*** Opening Working data ***
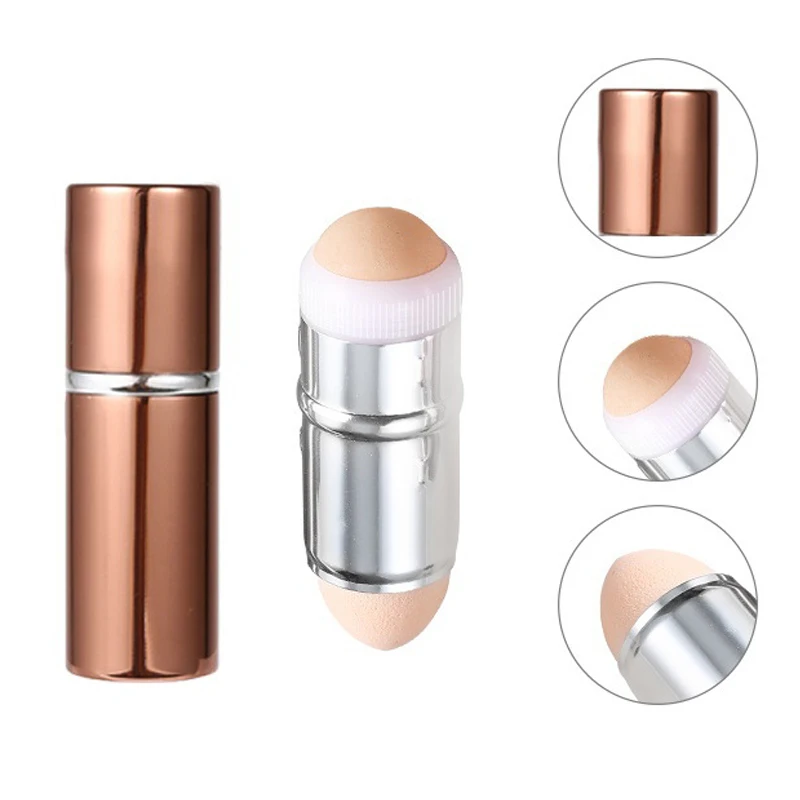 

Dual Head Reusable Skincare Tool Oily Skin Control Facial Tools Oil Absorbing Volcanic Face Roller Stone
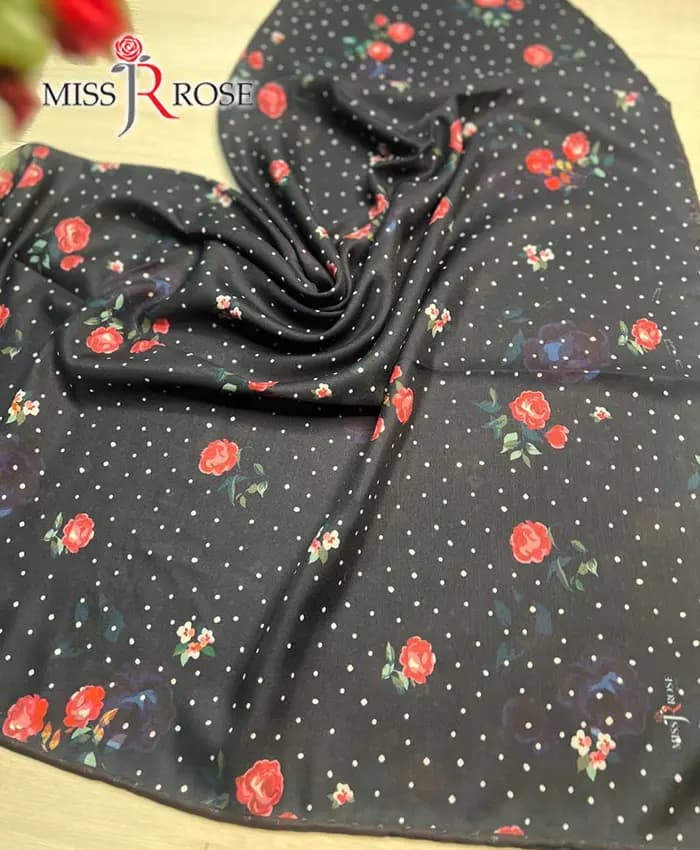 روسری قواره 120 کد 8301 — تصویر ۳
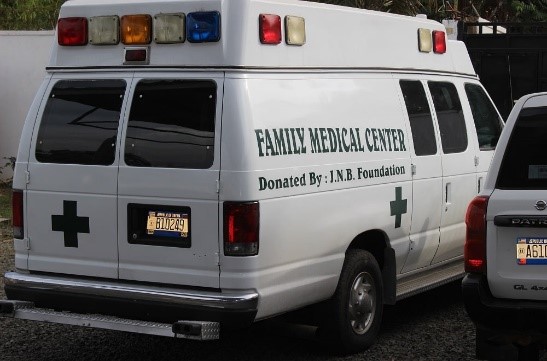 Read more about the article JNBF Donates Two Ambulances to Family Medical Health Center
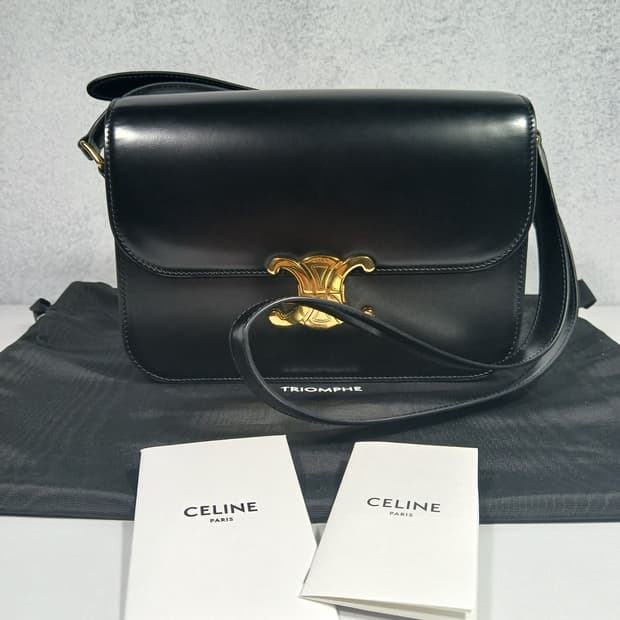 셀린느 클래식 트리오페 숄더백 187363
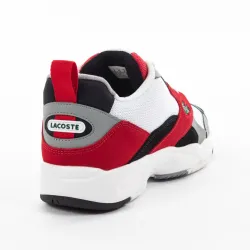 Basket basse homme Lacoste storm 96 Rouge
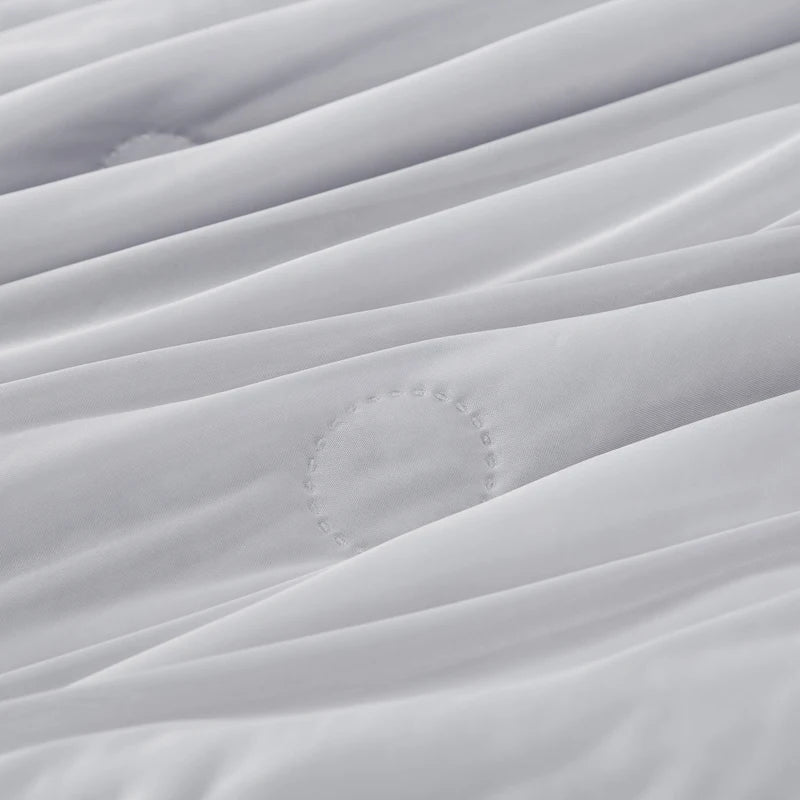 Summer Cooling Blanket for Bed Silky Air Condition Solid Color Ultra-Soft Blanket Washable Ice Quilt Class A Cool Feeling Quilt - Kiki of DC Styles Store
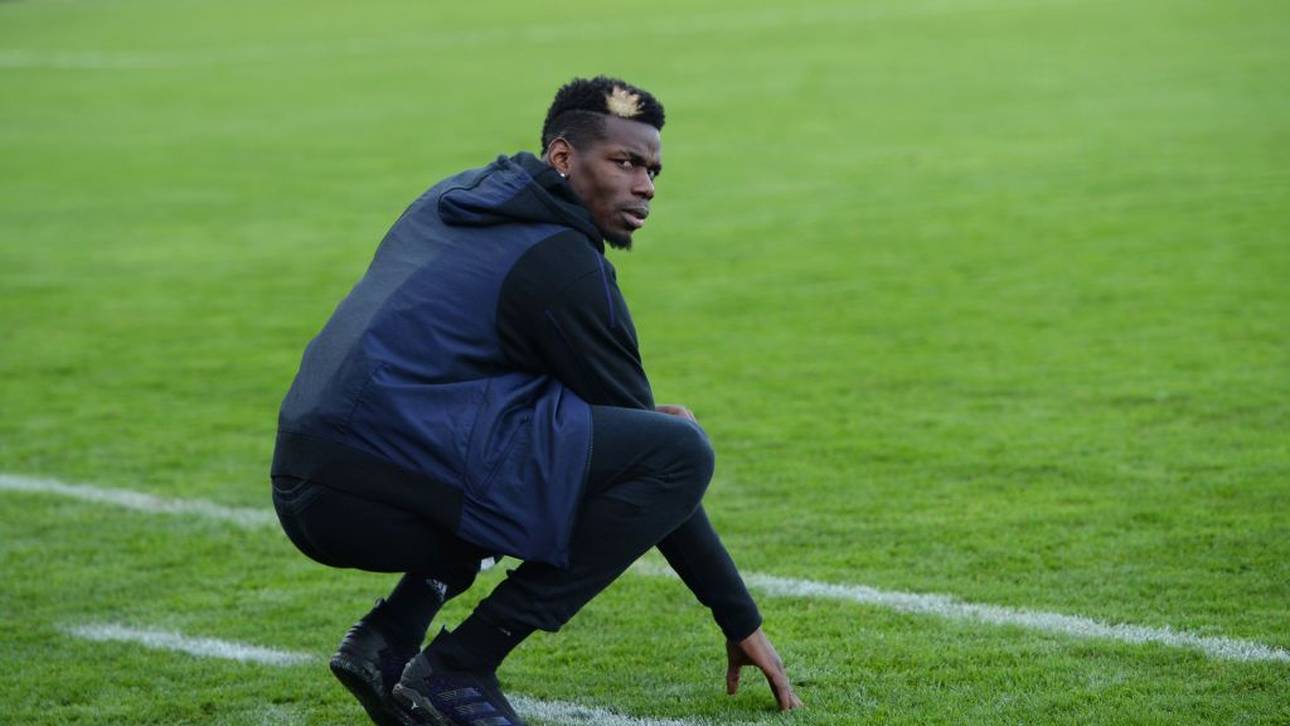 Pogba-OP: Solskjaer über Transfers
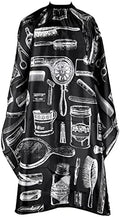 Barber Cape for Men - Waterproof Hair Cutting Capes for Adults and Stylists by AIHOPESTO
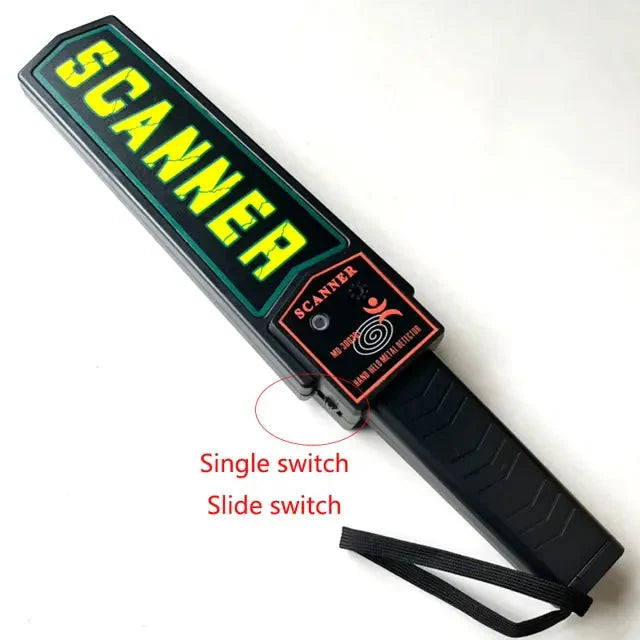 Portable Metal Detector Security Electronic Body Measurement Tool Anti Spier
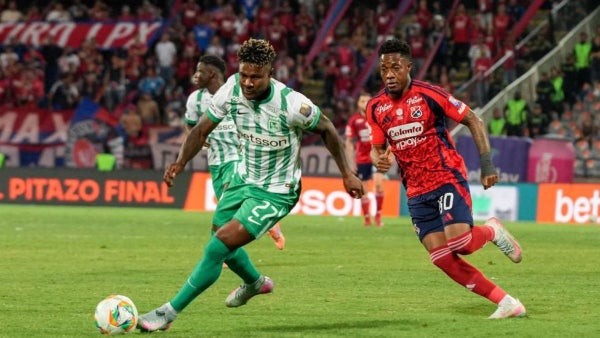 Medellín vs Nacional: balance de heridos tras la final de la Copa BetPlay 2025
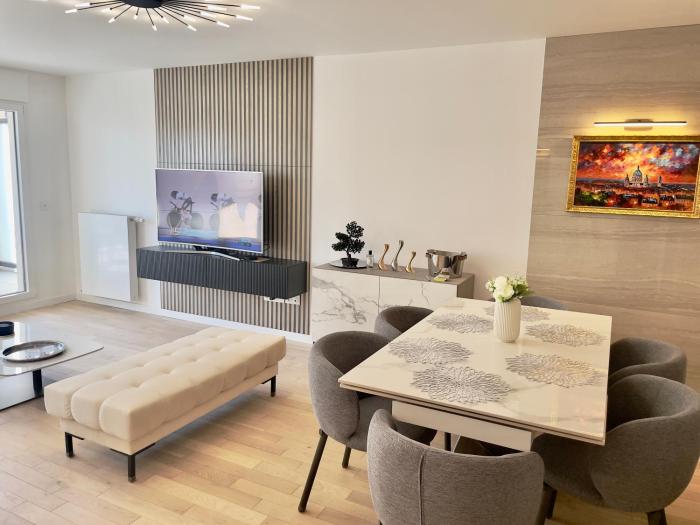 4P luxe 200m de Paris vue Sacré Cœur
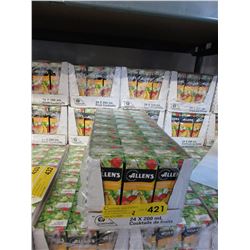 2 Cases of  Strawberry-Banana Juice Boxes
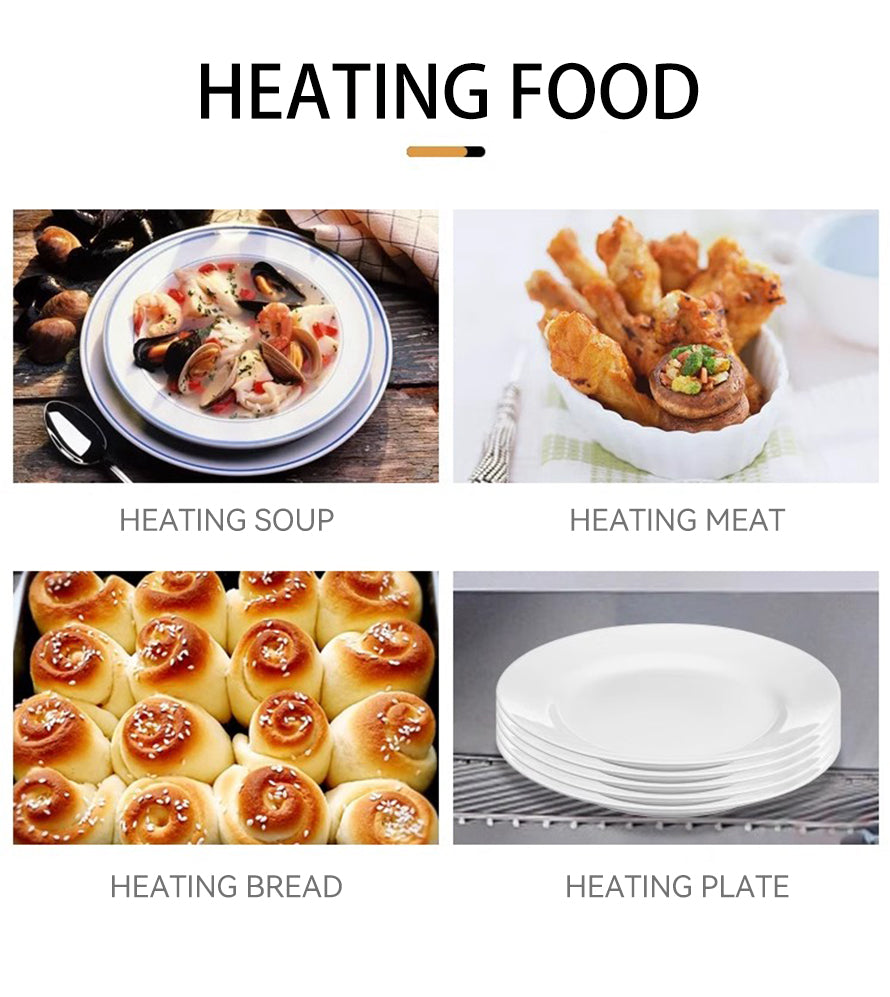 Basic types of desktop electric stove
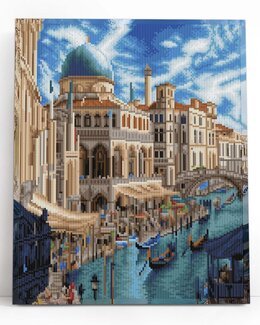 Diamond painting Zeitloses Venedig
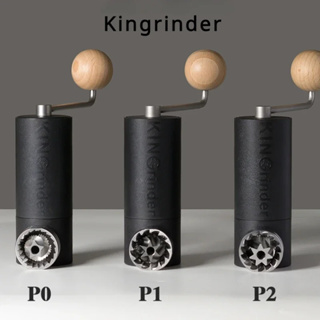 Kingrinder P0 P1 P2手動咖啡研磨機手磨機精密手動意式手衝咖啡豆便攜家用研磨機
*** Closing Working data ***
Take the line containing "Diamond painting Zeitloses Venedig" as the first line and the last line of the data above as the final one, and output exactly the lines between them, inclusive, with no pictures.

> **Expected answer**:
 Diamond painting Zeitloses Venedig
 Kingrinder P0 P1 P2手動咖啡研磨機手磨機精密手動意式手衝咖啡豆便攜家用研磨機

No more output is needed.